Lúcio Flávio Pinto, four-time winner of Brazil's most important journalism award, the Esso, said he would no longer appeal the libel lawsuit in which he was sentenced to pay roughly $4,600 in moral damages for articles accusing the owner of a company of landgrabbing in Pará, a region in northern Brazil, according to the newspaper Estado de S. Paulo.
The lawsuit stemmed from a report in the newspaper, Jornal Pessoal, for which Pinto is the editor, in which he calls company executive Cecílio do Rego Monteiro a “land pirate." The amount of compensation, however, has not yet been reviewed and could increase considerably.

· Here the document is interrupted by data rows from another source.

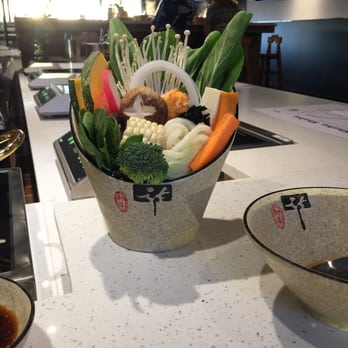 IShabu Shabu - Veggies waiting for Shabu Shabu bath - Hot Pot Near Me - Redondo Beach, California IShabu Shabu - Veggies waiting for Shabu Shabu bath - Hot Pot Near Me - Redondo Beach, California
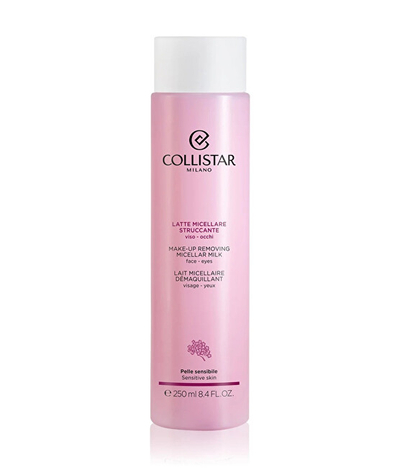 Мицеларно млеко за чистење на лице Collistar Make-Up Removing Micellar Milk, 250 мл
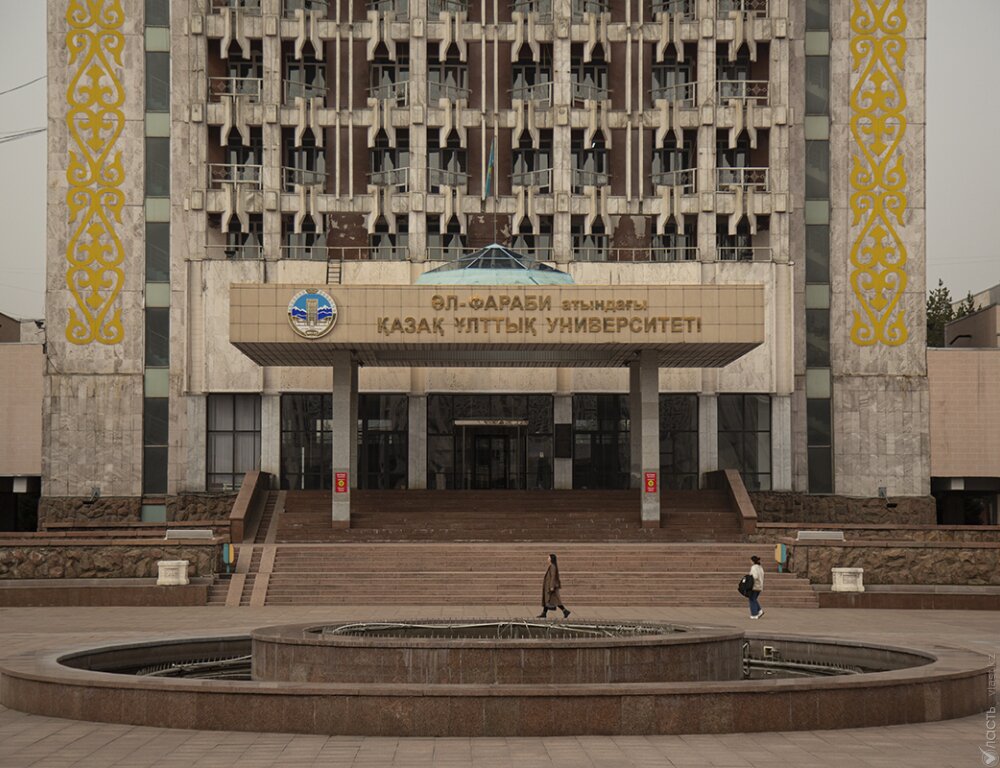 Строительство второй очереди городка КазНУ начнется в 2024 году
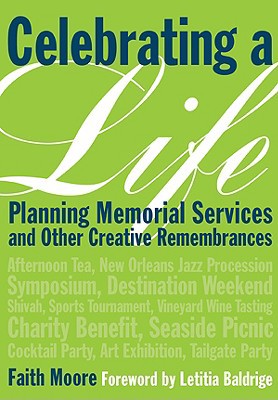Celebrating a Life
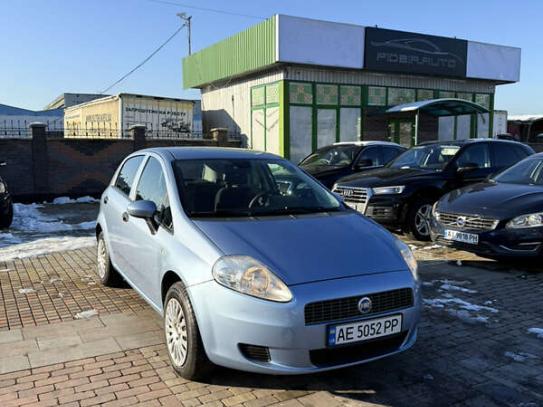 Fiat Grande punto 2007р. у розстрочку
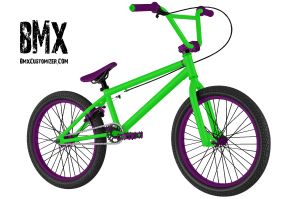 BMX colour design 165594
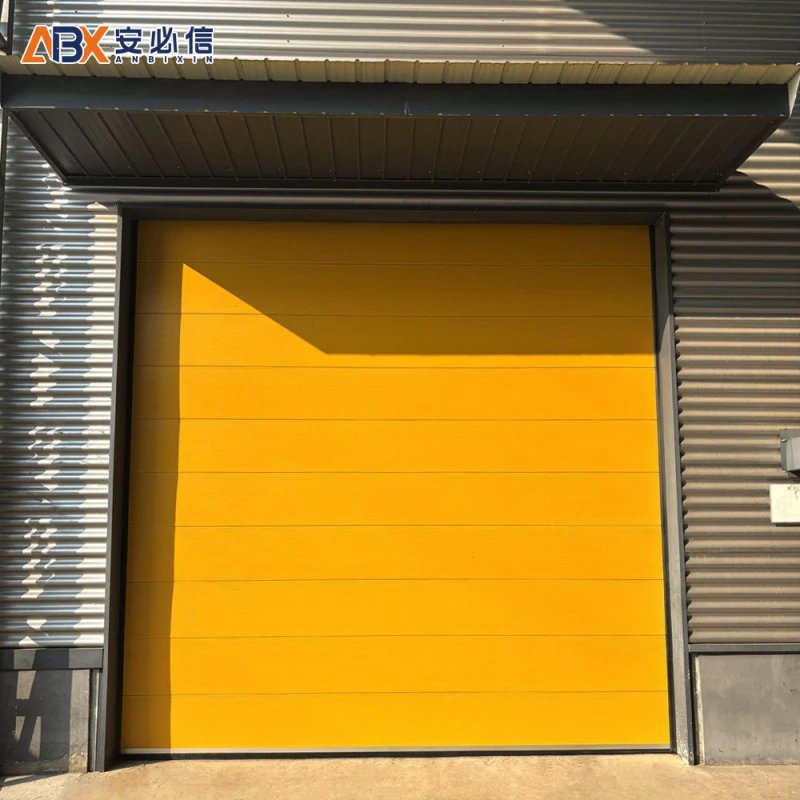 襄阳快速滑升门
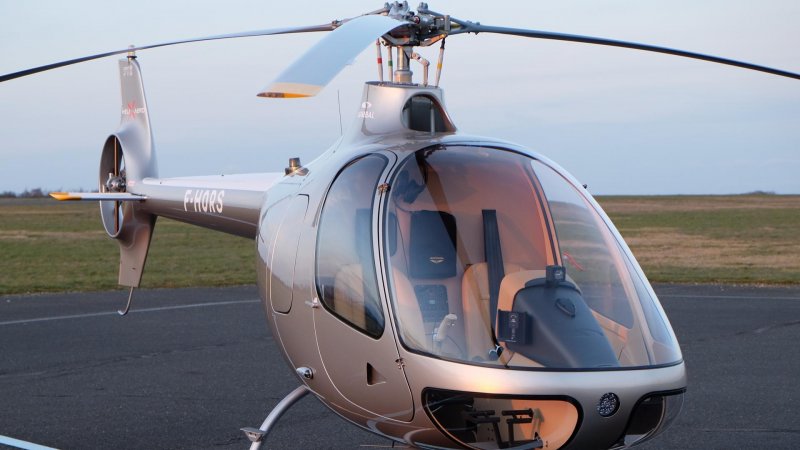 Вертолет Guimbal Cabri g2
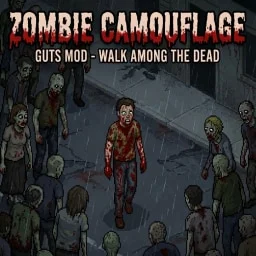 Zombie Camouflage Zombie Camouflage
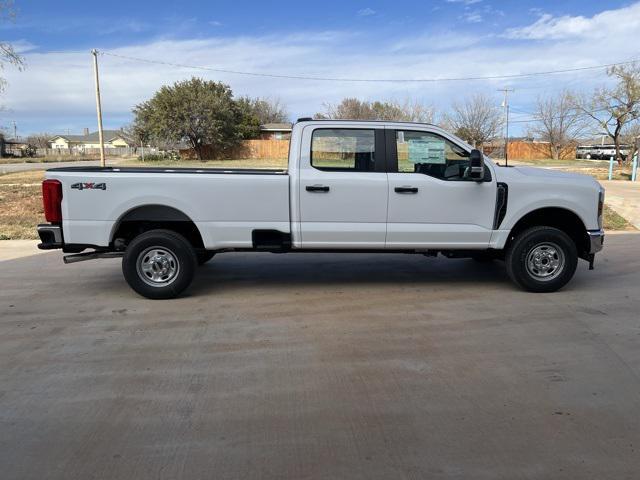 new 2025 Ford F-250 car, priced at $55,530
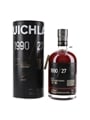 Bruichladdich 1990 27 Year Old HB '90 Bottled 2017 - Rare Cask Series 70cl / 49.5%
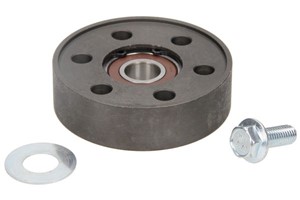 Strammerull, kilerem med ribber, TOYOTA, 16603-27010, 16603-27011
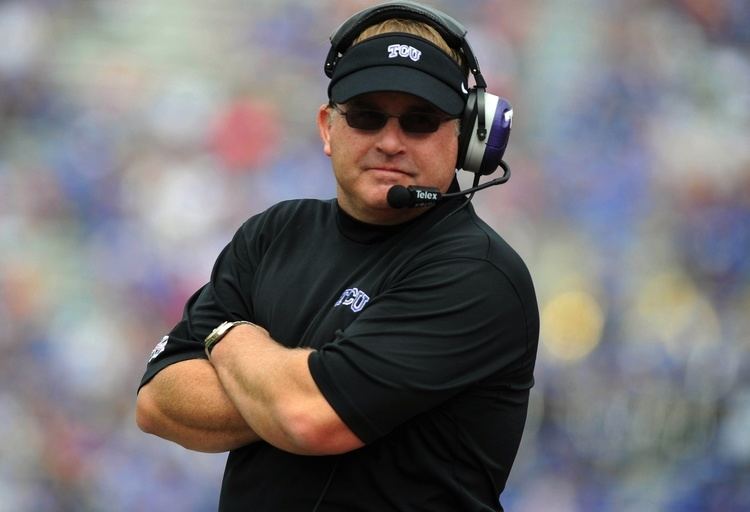 Gary Patterson 2015 AFCA Convention Notes Gary Patterson Life After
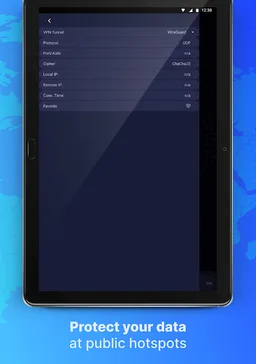 Private & Secure VPN: TorGuard screenshot 13
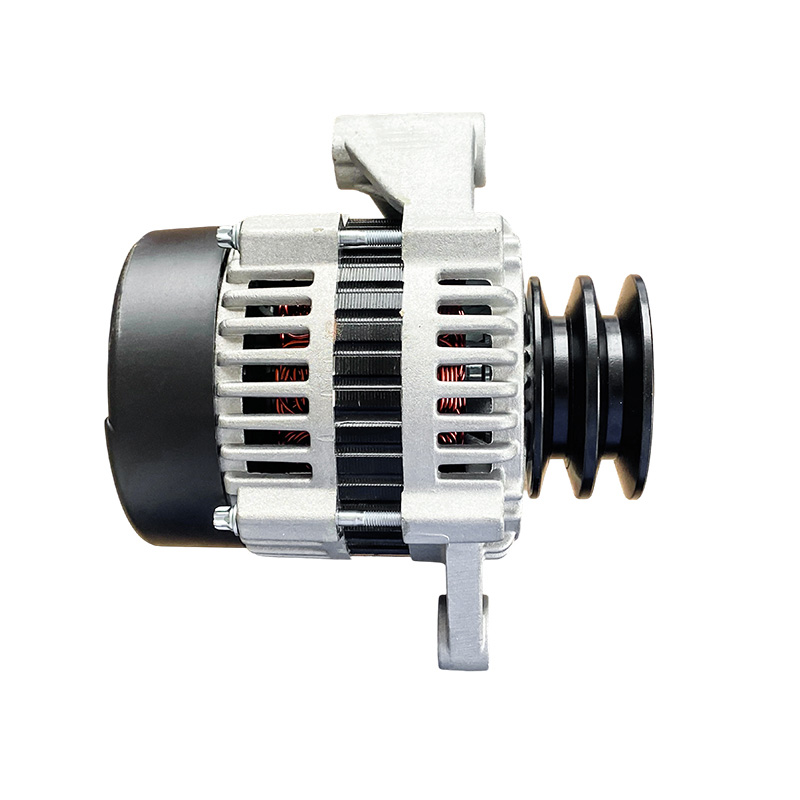 19020616, 1469597, 1469598, 1469599, 1-2699-01DR 12V 70A 2PK Alternator Delco untuk HYSTER, VERMEER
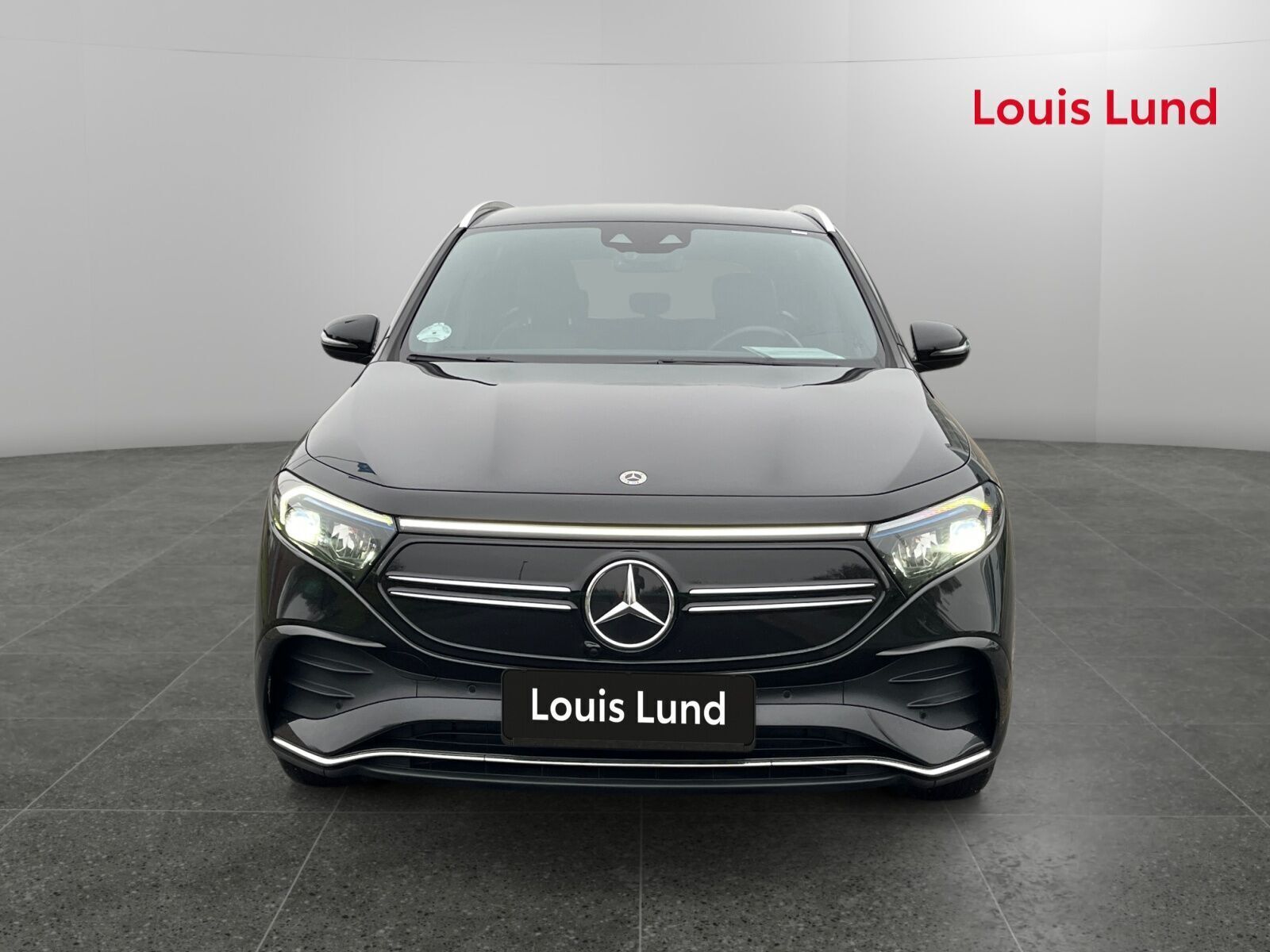 Mercedes EQA 250 EL AMG Line 190HK 5d Aut.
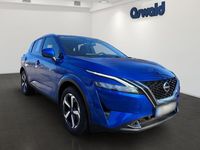 Gebraucht Nissan Qashqai N-Connecta 158 PS (116 kW) 2023 Blau SUV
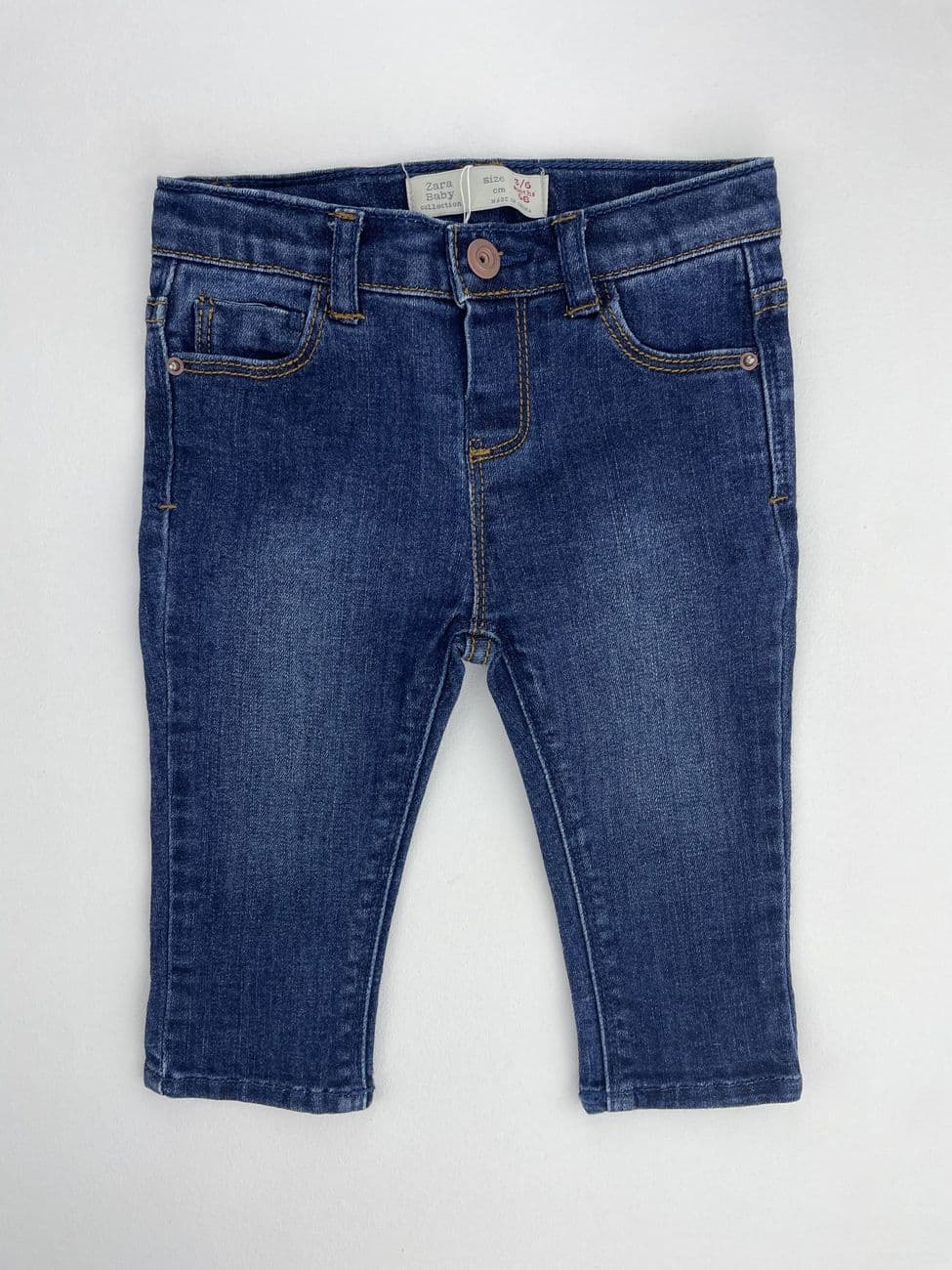 Jean - Zara baby - 3/6 mois (68 cm)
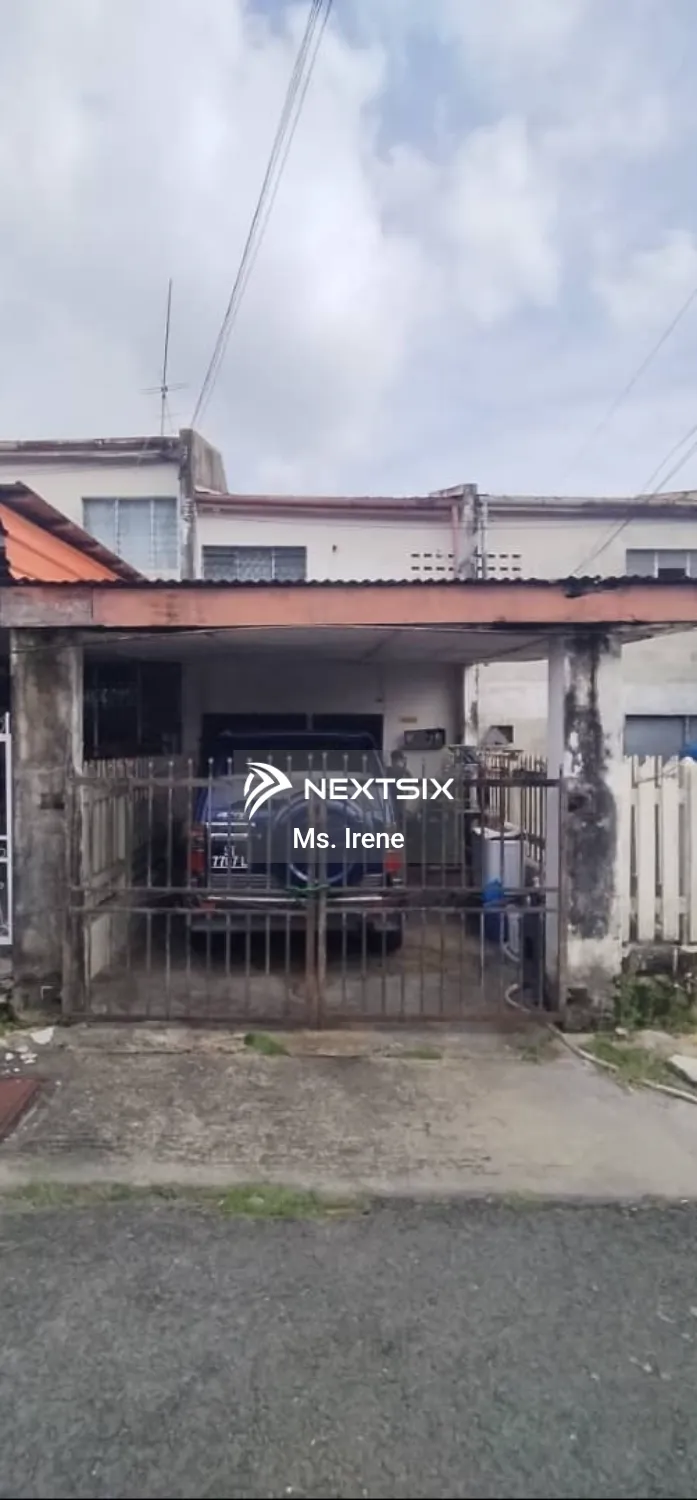 2-sty Terrace/Link House For Sale in Tawau Sabah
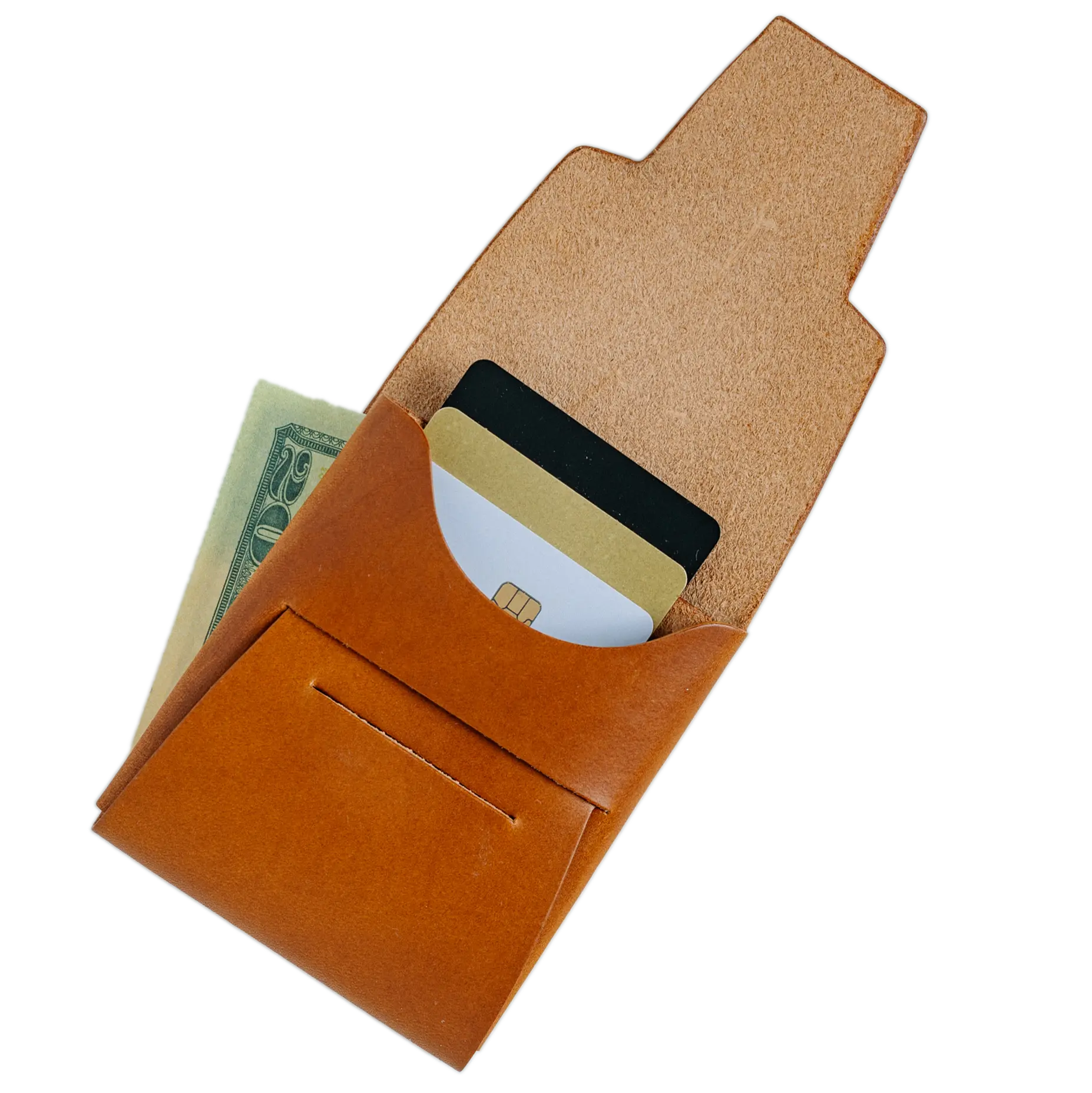 Johnny Wallet - Tobacco Loyal Stricklin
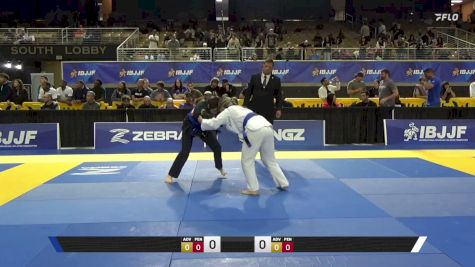IRA LAYS MOTA vs Sun-Yoon Ann Karas 2026 Pan Jiu Jitsu IBJJF Championship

Without financial means to continue the legal battle after facing more than 33 lawsuits, the journalist decided that he would drop the appeal, which was to be heard by the Brazilian Supreme Court before Feb. 28, reported the newspaper o Diário do Grande ABC.
“I would still be submitting myself to a court in which I no longer have any faith," said Pinto in his blog, referring to the Court of Justice of Pará, where a substitute judge who presided for a single day evaluated the 400-page suit and convicted him, according to the newspaper o Estadão.
After the lower court denied the appeal, and it was slated to be heard before the Supreme Court, the journalist received the support of press colleagues from many news sites and blogs, who published a manifesto of solidarity which included a fund to help pay the charges.
Beyond the sentence to pay moral damages, Pinto will lose his status as defendant and will be forced to face the other lawsuits that have accumulated during his career, the majority of which center around denouncing corruption, illegal deforestation, and wood trafficking in the Amazon, reported the newspaper o Portal Amazônia.